本当に食べるのか興味が湧いたので冷蔵庫からチーズを出して二人と一匹にあげてみるとジガルデ・コアはニコニコしながらチーズを食べ始めた。
3月3日
ひょんな事から発見された緑のもちもちことジガルデ・コアはチマとチキの二人と仲良く
やっている。
今日は朝からずっと二人と一匹で会話が弾んでいるようで、ふんふん、そーなんだ、と楽しそうな声が響き渡っていた。
「何してるんだ?」
「えっとね、いまはもちもちしてるだけだって」
「確かにそうだな……?」
オレが見る分には常時もちもちしているように見えるが、はて。
「おれもそーだんしてもいい?」
チキの問いかけにジガルデ・コアは体を持ち上げてこくこくと頷いた。
本当に意思疎通できているのだろうか?
まあ楽しそうだからいいか。
3月4日
なんだかこのまま棲みつきそうな雰囲気なのでジガルデ・コアに愛称でもつけてみようかと、マクワに相談する。

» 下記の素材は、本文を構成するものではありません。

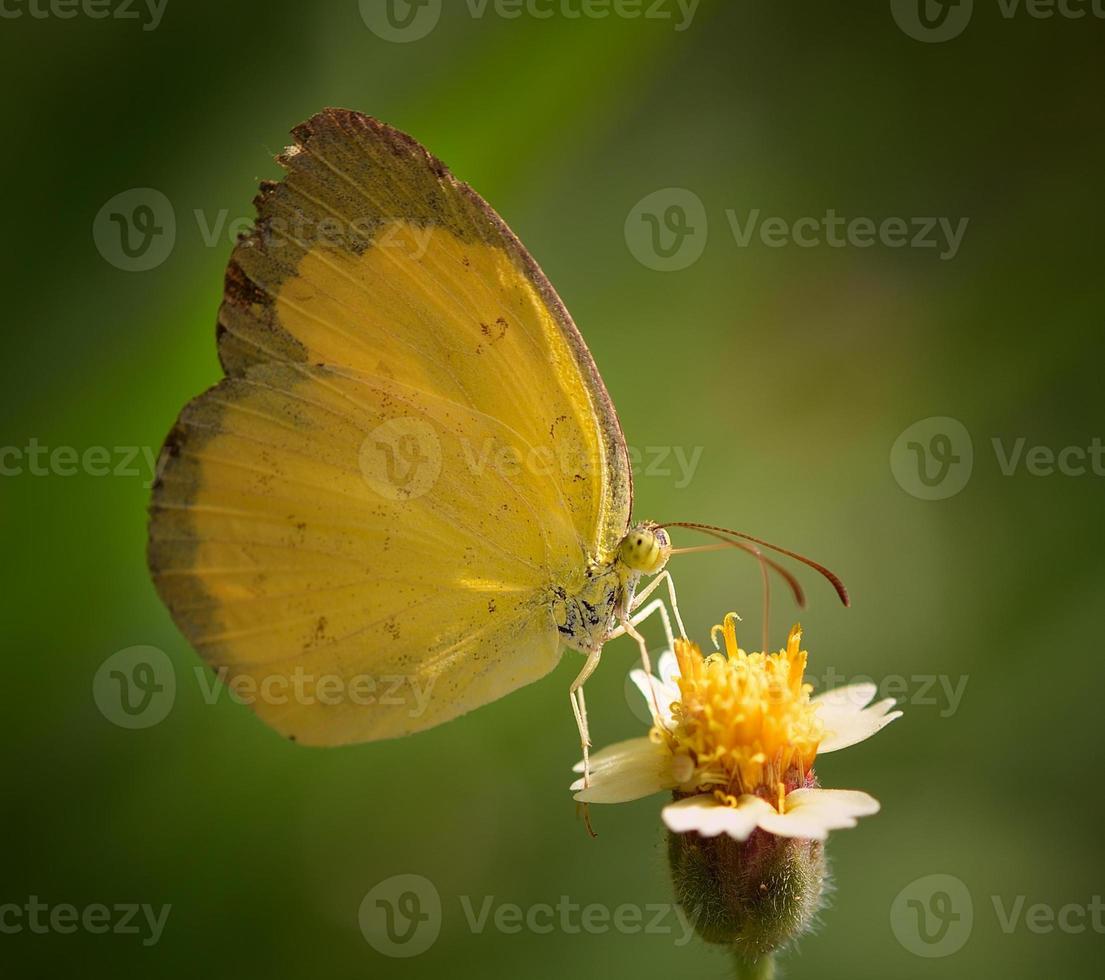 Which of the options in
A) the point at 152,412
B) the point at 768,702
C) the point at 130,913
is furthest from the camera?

「とりあえず彼......彼?に名前を聞けませんかね」
とマクワが言うので、オレはチマとチキにジガルデ・コアに名前を教えてもらえないか聞いてみた。
しばらく話し込んでいる二人と一匹......
ジガルデとチマと何かをぶつぶつ暗唱しているチキがこっちに来て「おなまえはっぴょします」と宣言した。
「なんて名前なんだ?」
「ちきおねがい」
チキがスッと息を吸い込み、では......と神妙な顔をする。
「じょるじゅ・がえたん・るい・でぃおーる・こくりこ・あれくさ......」
「待て待て待て、本当にそんな名前なのか?」
「じがるでのなかのえらいじがるでだそうです、キュルン」
「なまえもっとながい」
ジガルデ・コアは自慢げにふんぞり返る。
そんな事あるのだろうか?オレはマクワと顔を見合わせる。
「ええと、フルネームだと呼ぶ時大変なので、愛称......あだ名を考えましょう?」
細かい事を考えるのをやめたらしいマクワが二人と一匹に提案する。
「もちたろう」
すかさずチマが呟いた。
ジガルデがオマエ本気か?という顔をチマに向けた。
「ちーざえもん」
チキが呟く。
ジガルデは目をぱちくりさせた。
「ぷにぷにのぷにじろう」
さらにチキが呟いた瞬間、ジガルデ・コアはプルプルとツイストしだした。
「おなまえいやだって」
「うーむ」
......しばらく議論の末、なんだかんだで愛称はもち太郎に決定した。
3月5日
今日は天気が良いので皆日向ぼっこをしている。
窓際に置いたソファーの上でチマとチキともち太郎がサイコロを転がして遊んでいる。
出た目で寝っ転がる時のポーズが変わる日向ぼっこゲームらしい。
しばらくして様子を見に行くとチマとチキはエクササイズみたいに
体を伸ばしている。
もち太郎はプルプルしながら全身を伸ばしていた。
3月6日
今日はチマとチキのナックルジムデビューだ。
といっても以前マクワに連れられてキルクスジムで過ごした事があるので特に心配ごとはない。
事務室でお絵描きをしながら大人しく過ごしている。
一緒に連れてきたもち太郎は窓際で外をじっと眺めていた。
「もちたろはせかいをみはっているの」
とチマがオレに言う。
図鑑に載っていた幾つかの項目にも似たような事が書かれていたような気がするが......ミステリアスなやつだな。
3月7日
チマとチキがおやつの時間にホットケーキを食べたいと言うので作ってやる。
「わーい」
「もちたろ、これほっとけーき」
もち太郎もホットケーキが気になるのか、テーブルに置いたホットケーキの皿の周りをぐるりと回って偵察している。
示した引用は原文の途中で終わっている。